Met betrekking tot de hoogte van het geldbedrag is de rechtbank van oordeel dat op basis van het dossier dient te worden uitgegaan van een geldbedrag van € 20.000,-. De rechtbank baseert dit op de verklaring van de medeverdachte [naam medeverdachte] , nu de verbalisanten in het proces-verbaal van bevindingen waarin wordt gerelateerd dat het zou gaan om een bedrag van € 28.815, tevens de opmerking hebben gemaakt dat ze “dit niet met zekerheid kunnen zeggen”.
Bewezenverklaring t.a.v. feit 2 primair
De rechtbank acht, onder 2 primair, wettig en overtuigend bewezen dat:
hij op 21 augustus 2021 te Rotterdam,
een voorwerp, te weten 20.000 euro,
heeft voorhanden gehad, terwijl hij wistdat dat voorwerp geheel - onmiddellijk - afkomstig was uit enig misdrijf.
De rechtbank zal de verdachte vrijspreken van hetgeen overigens onder 2 primair ten laste is gelegd.

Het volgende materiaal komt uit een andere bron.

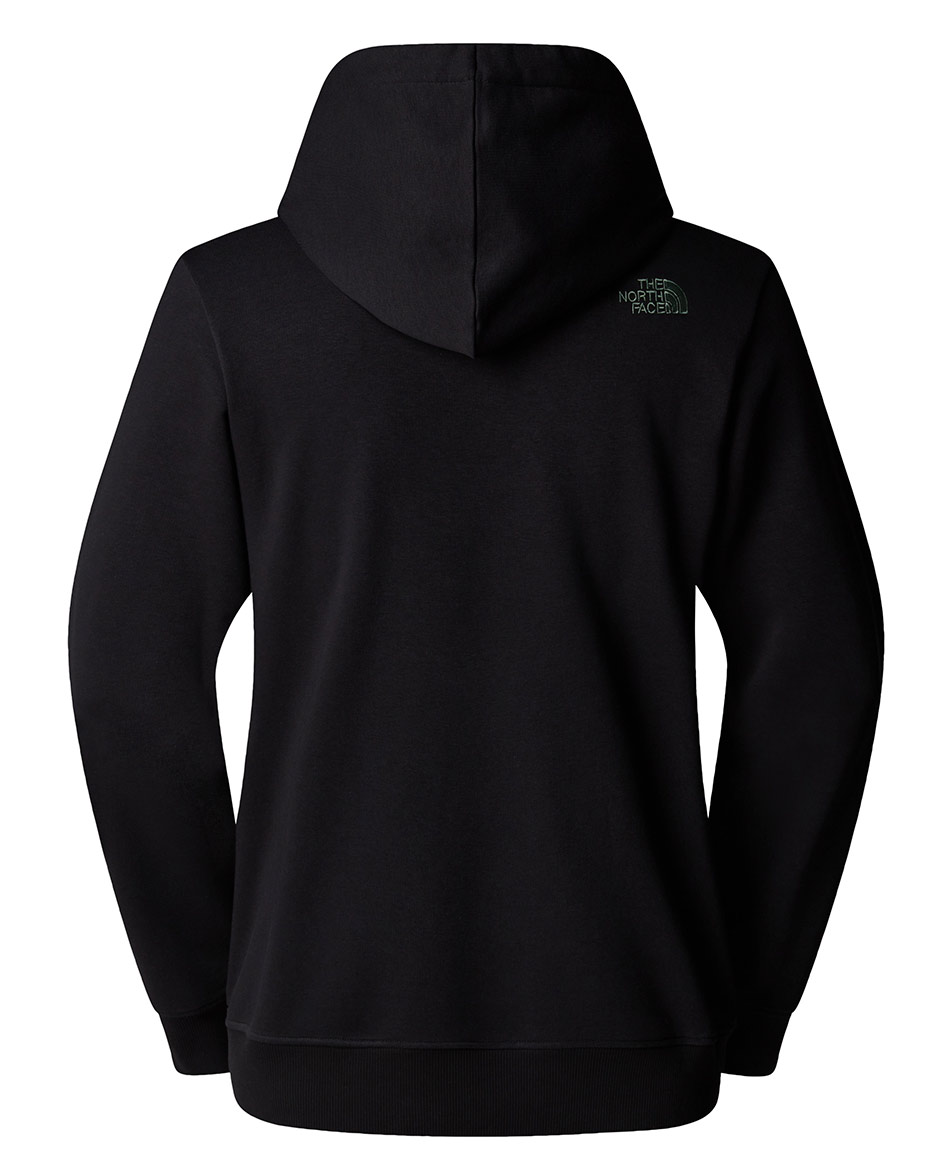 NORTH FACE SUDADERA CON CAPUCHA NORTH FACE DREW PEAK LIGHT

Overwegingen en bewijsbeslissing t.a.v. feit 2 subsidiair
Voor zover het onder 2 primair ten laste gelegde niet tot een veroordeling mocht of zou kunnen leiden, wordt de verdachte subsidiair verweten dat hij het aangetroffen geld voorhanden heeft gehad, terwijl hij wist dat dit onmiddellijk afkomstig was uit enig eigen misdrijf. De tenlastelegging is in zoverre toegeschreven op artikel 420bis.1 Sr.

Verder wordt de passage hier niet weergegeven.